THE TASK: Could you copy the records below exactly, leaving out any pictures they include?

(MATERIAL FOR THIS TASK)

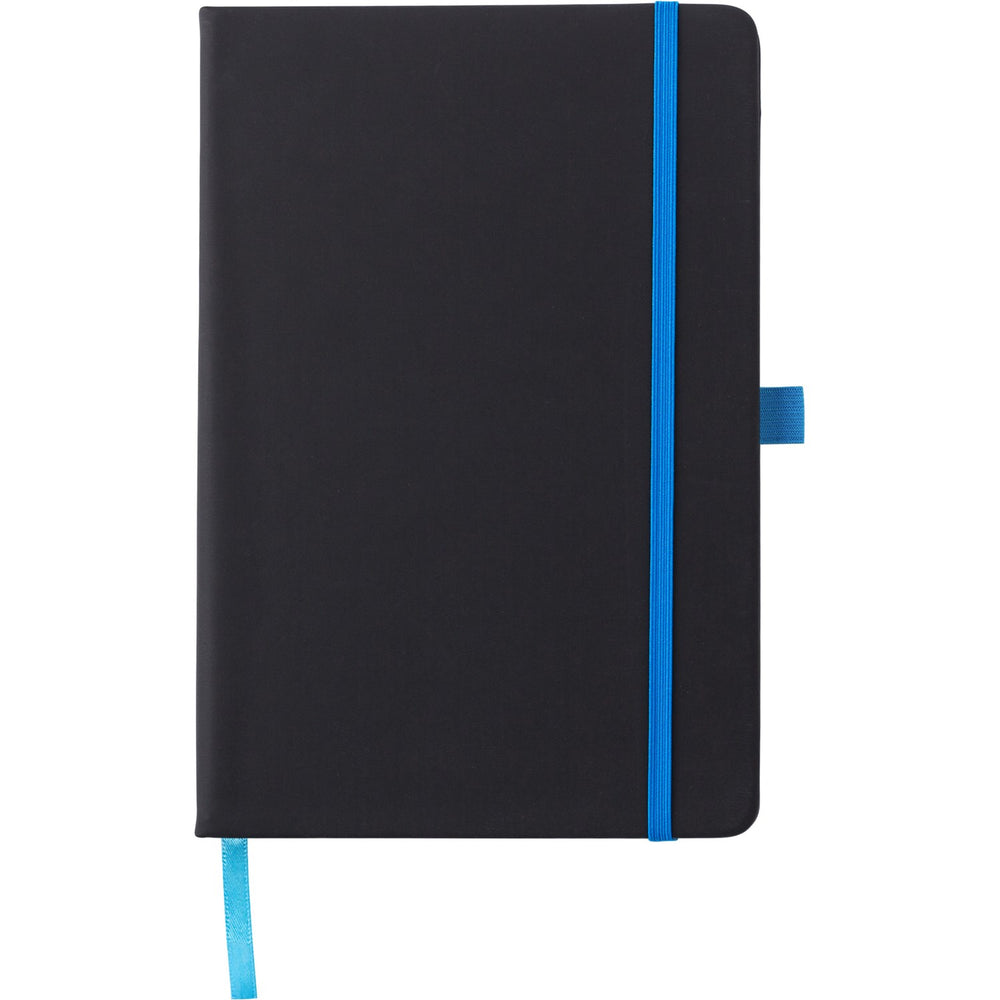 Branded Cullochrig Notebook (approx. A5)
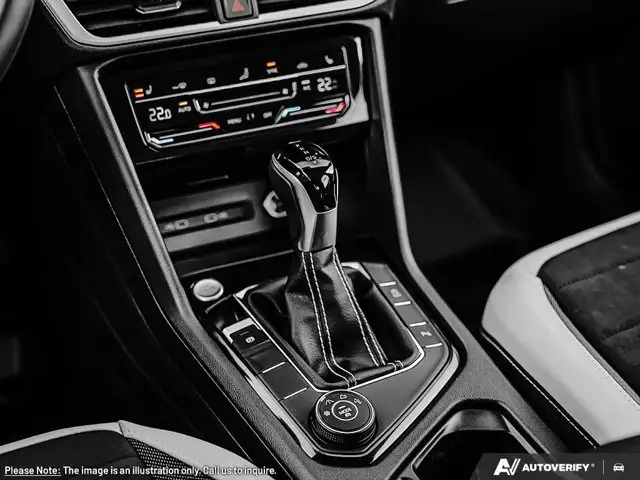 2026 Volkswagen Taos Comfortline | IN STOCK - Photo 15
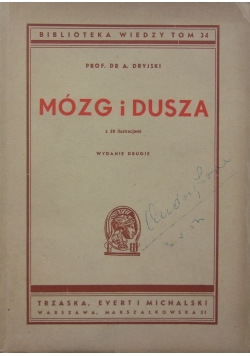 Mózg i Dusza,1948r.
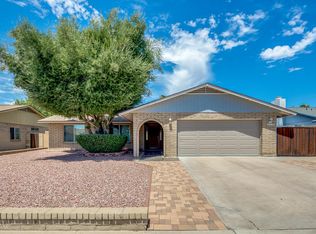 4740 W Purdue Ave, Glendale, AZ 85302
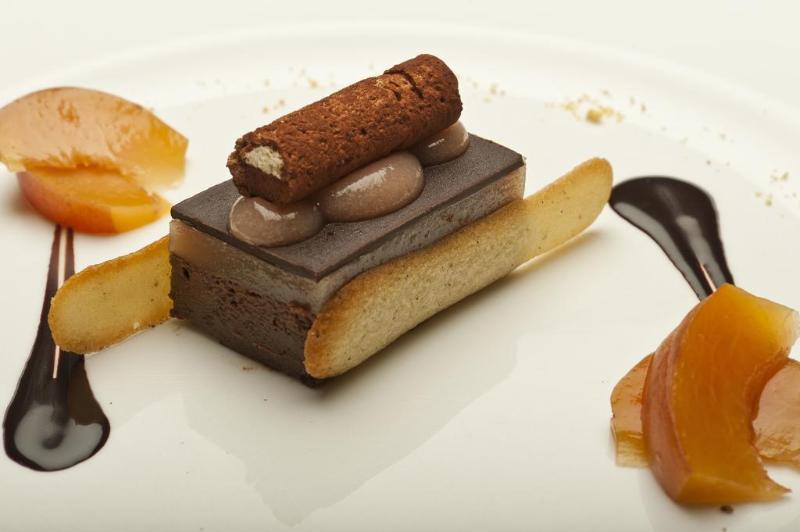 ホテル Relais San Maurizio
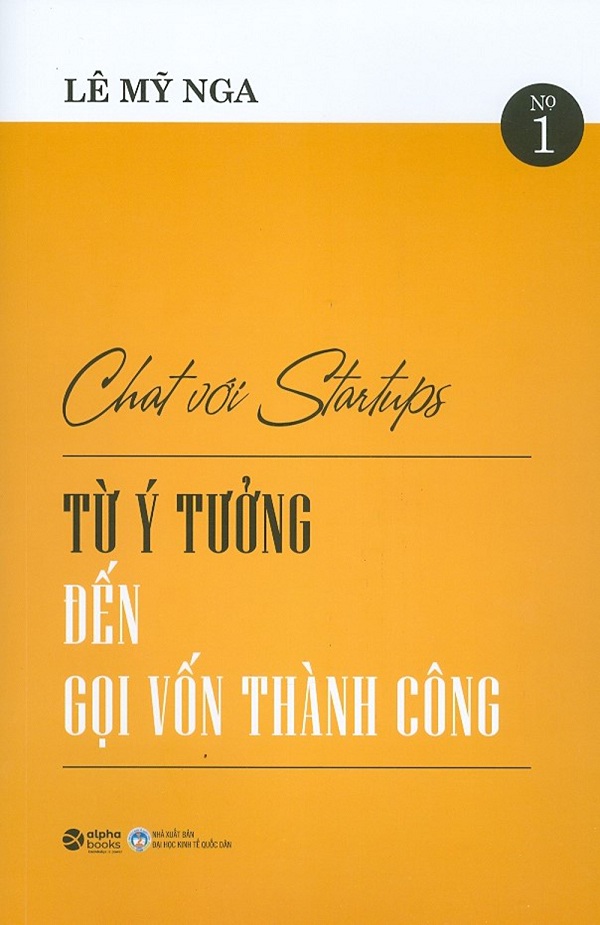 Chat Với Startups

(End MATERIAL FOR THIS TASK)

SOLVED PROBLEM:
 Branded Cullochrig Notebook (approx. A5)
 2026 Volkswagen Taos Comfortline | IN STOCK - Photo 15
 Mózg i Dusza,1948r.
 4740 W Purdue Ave, Glendale, AZ 85302
 ホテル Relais San Maurizio
 Chat Với Startups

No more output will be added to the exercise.